WORK INSTRUCTIONS :: Leaving the pictures aside, return all of the data below exactly.

GIVEN DATA ::
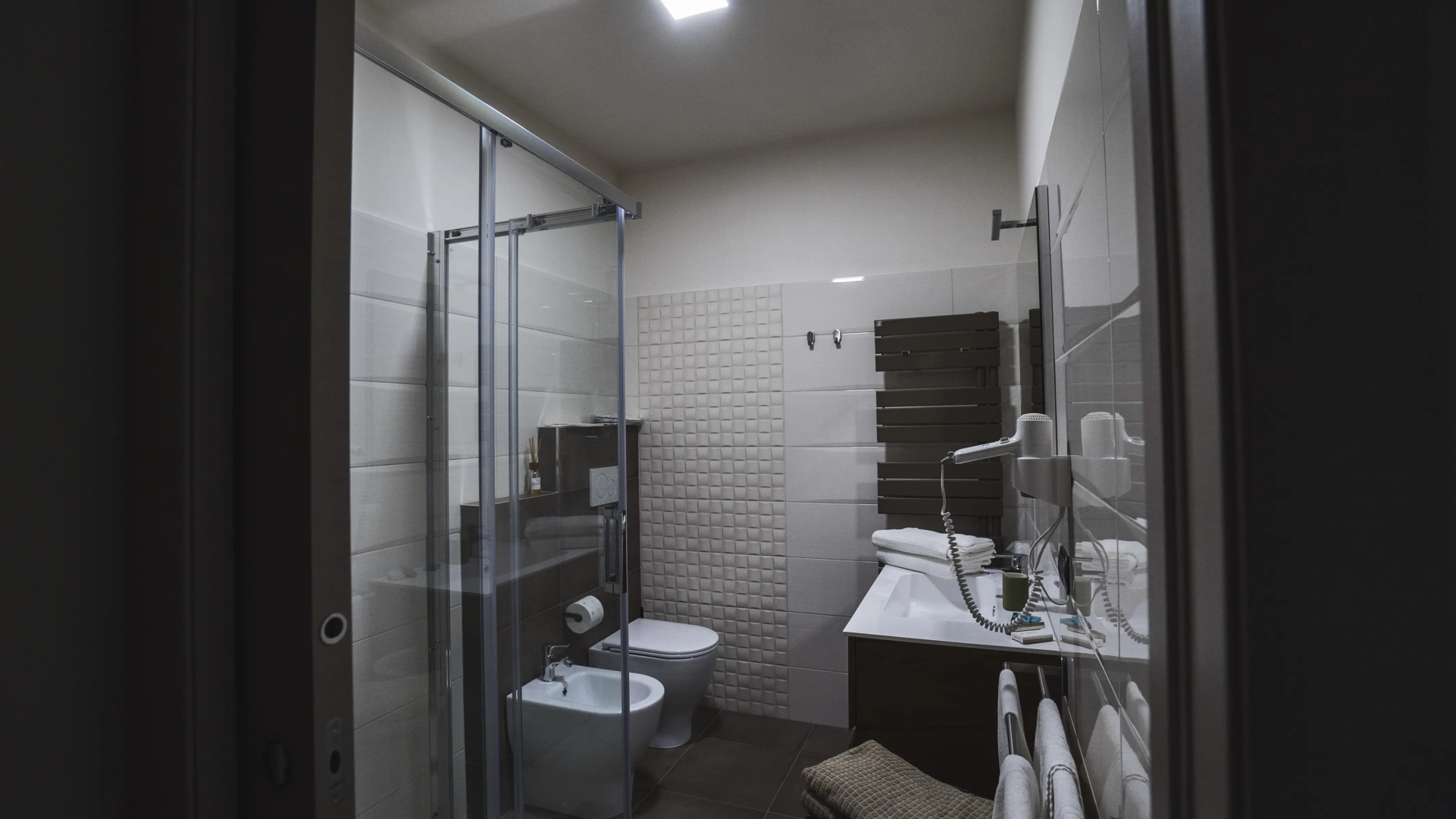Resort Limax Acis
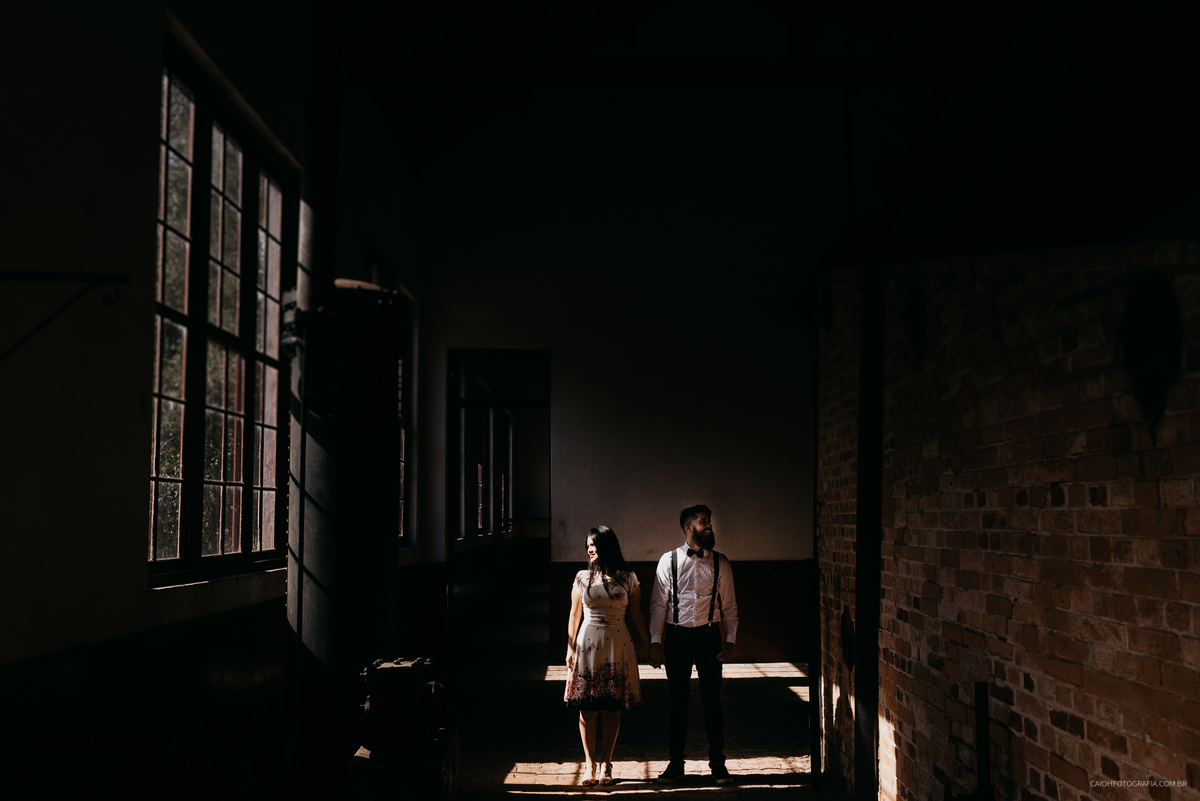 ensaio pre casamento ensaio rustico casal alternativo pre wedding no campo fotografos de casamento ideias de ensaios fotografos de sao paulo fotos por caio henrique  fotos diferentes ideia de fotos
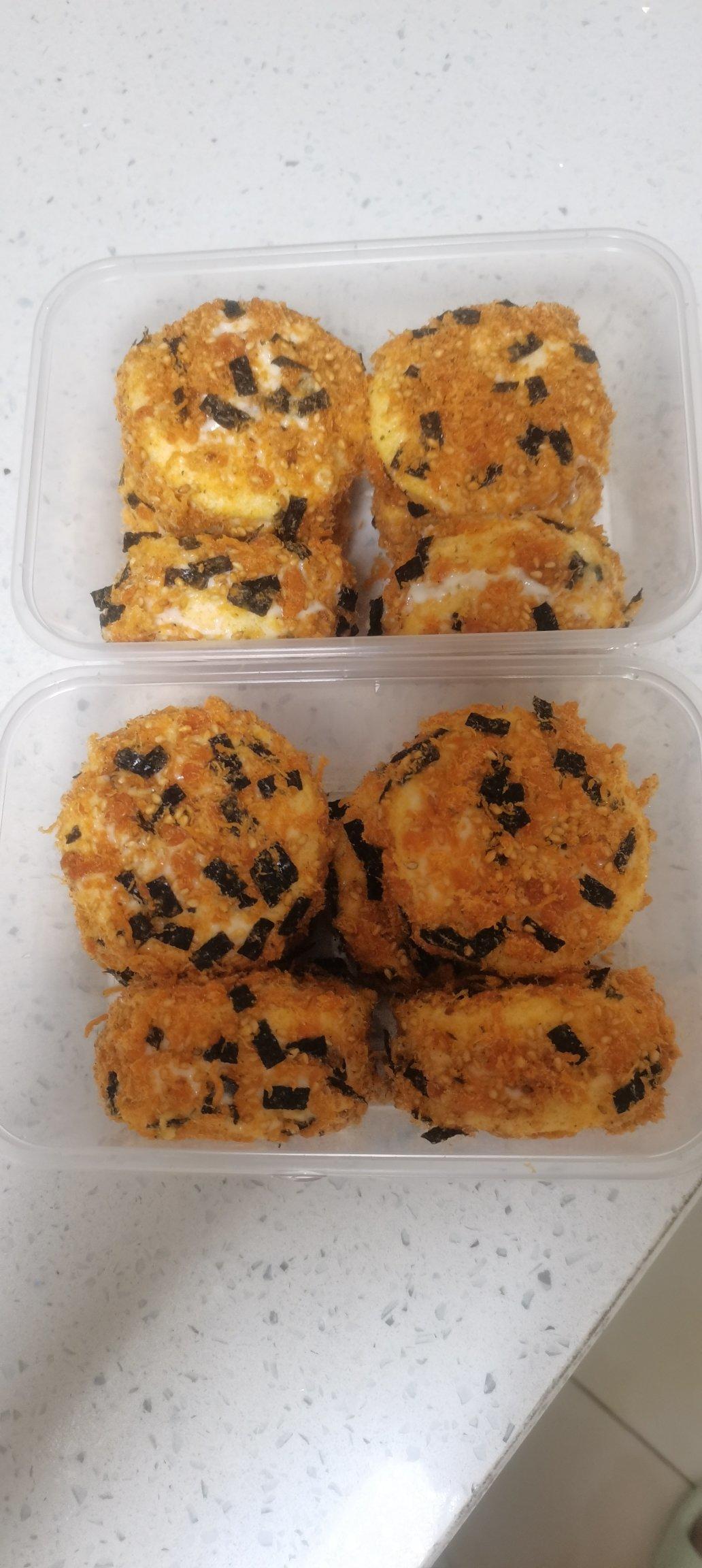 筱筱筱厨做的吃一口就停不下来肉松小贝(用古早味蛋糕做的会比一般卖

TASK SOLUTION ::
Resort Limax Acis
 ensaio pre casamento ensaio rustico casal alternativo pre wedding no campo fotografos de casamento ideias de ensaios fotografos de sao paulo fotos por caio henrique  fotos diferentes ideia de fotos
 筱筱筱厨做的吃一口就停不下来肉松小贝(用古早味蛋糕做的会比一般卖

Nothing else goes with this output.